Le borse: un problema di volume, non di colore

Le borse sono un rigonfiamento. Possono dipendere da ristagno di liquidi — e in questo caso variano molto durante la giornata, sono peggiori al mattino, peggiorano con sale, alcol, poche ore di sonno — oppure da un cedimento del tessuto legato all'età, e allora sono stabili e non cambiano da un giorno all'altro.

Il test è semplice: se al mattino sono evidenti e nel pomeriggio si sono ridotte, c'è una componente di liquidi. Se sono uguali a ogni ora del giorno, la componente è strutturale.

Cosa può fare un cosmetico

Un contorno occhi lavora sull'aspetto della zona: idratazione, sensazione di leggerezza, uniformità. Sulle occhiaie vascolari e sulle borse da ristagno di liquidi è dove si vede di più. Sulle occhiaie pigmentate serve costanza e i risultati sono più lenti. Sulle borse strutturali un cosmetico migliora la pelle, non la struttura sottostante: lì il discorso è medico, non cosmetico, ed è giusto dirlo.

Chi promette di "eliminare le borse" con una crema sta descrivendo qualcosa che un cosmetico, per definizione, non fa.

Gli attivi che hanno senso in questa zona

  • Centella asiatica — tradizionalmente impiegata nelle formulazioni per pelli sensibili e per il comfort cutaneo.
  • Estratto di foglie di vite rossa (Vitis vinifera) — usato da sempre nei cosmetici che lavorano sull'aspetto del microcircolo.
  • Glicerina — idratazione, in una zona dove la pelle è sottile e si disidrata prima.

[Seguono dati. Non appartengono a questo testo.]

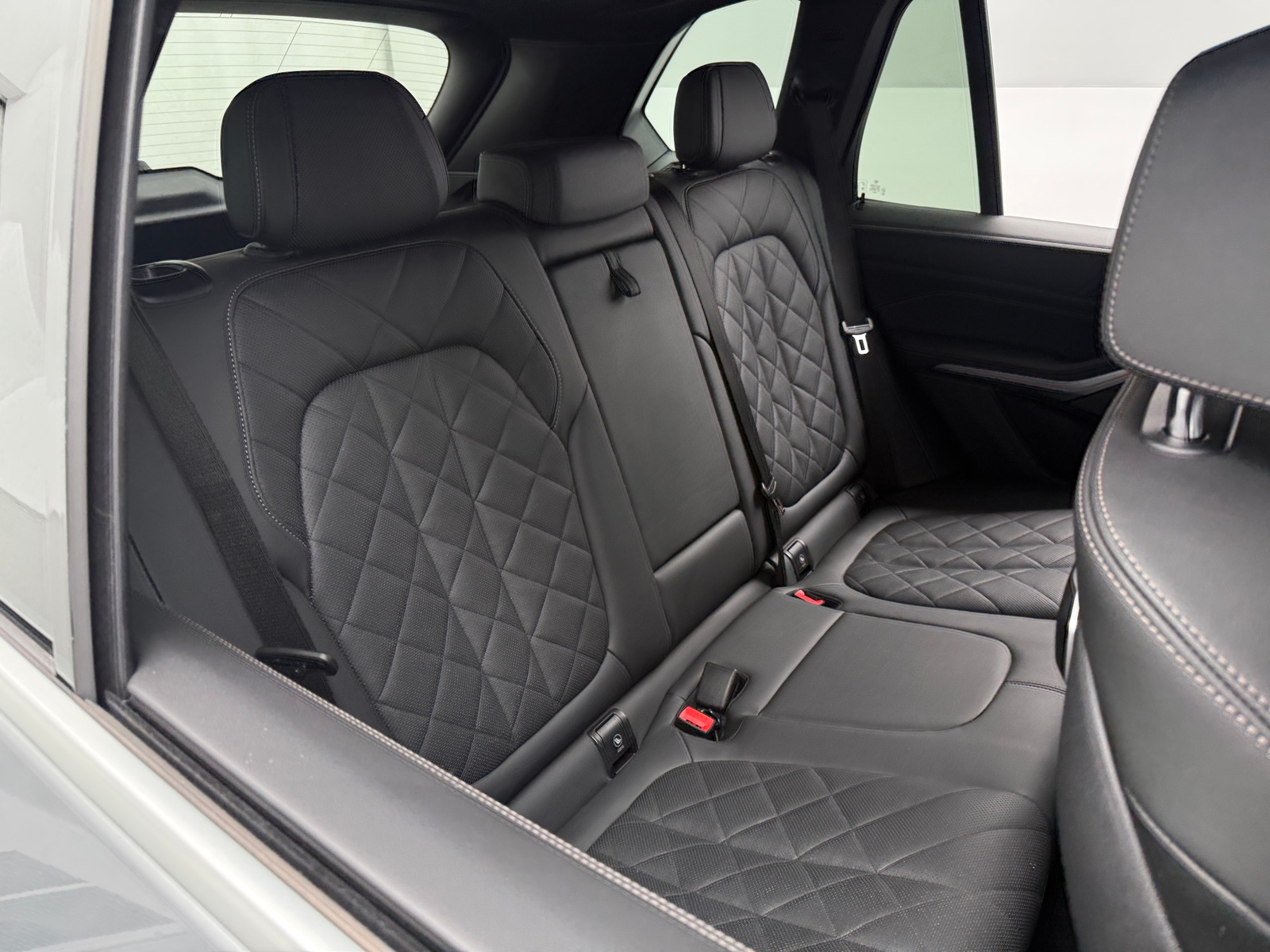 Thumbnail: 2024 BMW X5 - 6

Una texture in gel, senza componente grassa pesante, è la scelta più sensata qui: si assorbe, non appesantisce la palpebra e non migra verso l'occhio.

Come si applica (il gesto conta)

  1. Zona perioculare detersa e asciutta, mattina e sera.
  2. Una piccola quantità, picchiettata con l'anulare — è il dito con meno forza, e in questa zona serve leggerezza.
  3. Piccoli movimenti circolari, dall'angolo interno verso l'esterno, fino a completo assorbimento.
  4. Evita il contatto diretto con l'occhio: si applica sull'osso orbitale, non sulla palpebra mobile.

Le abitudini che pesano più della crema

Su borse e occhiaie vascolari, tre cose incidono spesso più del cosmetico: le ore di sonno, il sale della sera prima, e dormire con il capo leggermente rialzato. Se soffri di allergie stagionali, anche quelle: il gonfiore perioculare da rinite allergica non si risolve con un contorno occhi.

Domande frequenti

In quanto tempo si vede qualcosa?
Sulla sensazione di sguardo più riposato, circa due settimane di uso costante mattina e sera. Sull'uniformità del colorito, più a lungo.

Posso usare la crema viso anche sul contorno occhi?
Non è la stessa pelle. Le creme viso hanno spesso una componente grassa che in quella zona può risultare pesante.

Va bene per occhi sensibili o per chi porta lenti a contatto?
Una formula in gel senza oli è generalmente più tollerata, ma la regola resta: applicare sull'osso, non sulla palpebra, e interrompere se compare irritazione.